Govt Safety Authority Denies Media Reports on New Laws Affecting Volunteers
19 January 2012 at 3:24 pm
Safe Work Australia, the government authority managing the implementation of the new Work Health and Safety (WHS) laws, has expressed concern over recent reports on the new laws suggesting the media claims could “seriously discourage volunteers and potential volunteers from undertaking volunteer work”.
Safe Work Australia Chair, Tom Phillips, said that the new federal WHS laws, which came into effect on 1 January, will not apply to every volunteering activity or organisation.
The new laws have already been rolled out in NSW and Queensland.
“They apply if a volunteer organisation employs staff as well as volunteers to carry out work for the organisation,” Phillips said.
“The new WHS laws do not, for example, apply to the local junior football club run entirely by volunteers or to any community group which does not have any employees.”
Some media reports say the new laws mean volunteers will be regarded as ‘workers’ and can be prosecuted for safety breaches.
Safe Work Australia says that the former occupational health and safety (OHS) legislation in Queensland, the Northern Territory and the ACT mirrors the new laws, while in all other states, the protections afforded by OHS legislation also applied to volunteers at workplaces.

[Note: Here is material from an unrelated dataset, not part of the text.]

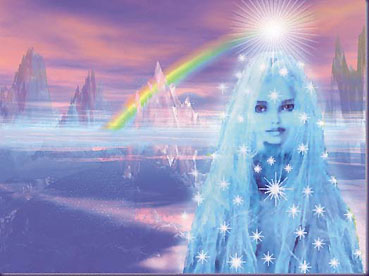 fee, fairy, hada, fada, fata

According to recent figures from the Australian Bureau of Statistics, more than 6.1 million people participate in voluntary work across Australia.

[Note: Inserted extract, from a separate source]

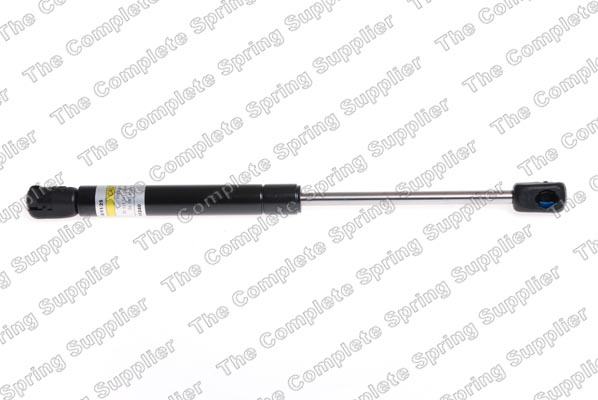 LESJÖFORS Gasfjeder, motorhjelm 8008420 foran for BMW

The Minister for Workplace Relations, Bill Shorten, said that the Government is mindful of placing unnecessary administrative burdens on volunteer organisations.

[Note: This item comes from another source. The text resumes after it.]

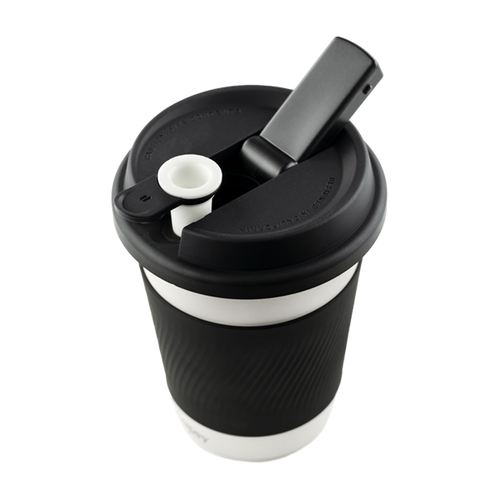 Puffco Cupsy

“The Gillard Government’s new national OHS laws codify existing common law to ensure volunteers undertake their activities in safety – and will not depart from current practice for volunteer organisations,” Shorten said.
“The fact is nearly all volunteer organisations already have good OHS practices in place and won’t face any additional burdens whatsoever.”
Meanwhile, Volunteering Australia has endorsed the new laws, with chief executive, Cary Pedicini, saying they were a “good thing” for volunteers.
“Harmonisation will mean a higher level of protection for volunteers applied consistently no matter where they volunteer,” Pedicini said.
“We will continue to work with Safe Work Australia to address any concerns that arise as we have done for the last twelve months.”